What is being asked = Lines from the beginning of the data through the line containing "2057 Proctor Street" are to be copied exactly, with no other line included.
----------
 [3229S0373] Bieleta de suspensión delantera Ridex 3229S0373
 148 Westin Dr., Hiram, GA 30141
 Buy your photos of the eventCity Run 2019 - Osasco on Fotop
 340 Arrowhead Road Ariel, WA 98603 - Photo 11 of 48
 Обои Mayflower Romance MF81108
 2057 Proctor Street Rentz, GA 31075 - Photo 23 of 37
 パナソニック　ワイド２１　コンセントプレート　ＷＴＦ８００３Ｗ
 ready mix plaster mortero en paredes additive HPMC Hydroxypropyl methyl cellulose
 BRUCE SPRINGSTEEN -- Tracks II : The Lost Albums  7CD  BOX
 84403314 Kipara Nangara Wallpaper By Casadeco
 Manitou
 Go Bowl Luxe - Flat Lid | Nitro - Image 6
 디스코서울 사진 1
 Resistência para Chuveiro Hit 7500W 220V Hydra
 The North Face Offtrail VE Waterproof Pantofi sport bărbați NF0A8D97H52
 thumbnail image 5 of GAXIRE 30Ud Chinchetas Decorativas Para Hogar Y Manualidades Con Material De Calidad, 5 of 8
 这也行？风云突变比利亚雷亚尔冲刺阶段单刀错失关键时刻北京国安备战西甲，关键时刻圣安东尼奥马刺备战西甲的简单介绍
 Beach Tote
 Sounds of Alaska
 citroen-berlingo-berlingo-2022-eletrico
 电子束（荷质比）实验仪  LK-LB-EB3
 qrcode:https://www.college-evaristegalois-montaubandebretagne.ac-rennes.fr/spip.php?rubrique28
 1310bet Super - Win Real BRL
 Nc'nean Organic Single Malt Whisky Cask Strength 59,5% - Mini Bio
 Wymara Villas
----------
Task response =
 [3229S0373] Bieleta de suspensión delantera Ridex 3229S0373
 148 Westin Dr., Hiram, GA 30141
 Buy your photos of the eventCity Run 2019 - Osasco on Fotop
 340 Arrowhead Road Ariel, WA 98603 - Photo 11 of 48
 Обои Mayflower Romance MF81108
 2057 Proctor Street Rentz, GA 31075 - Photo 23 of 37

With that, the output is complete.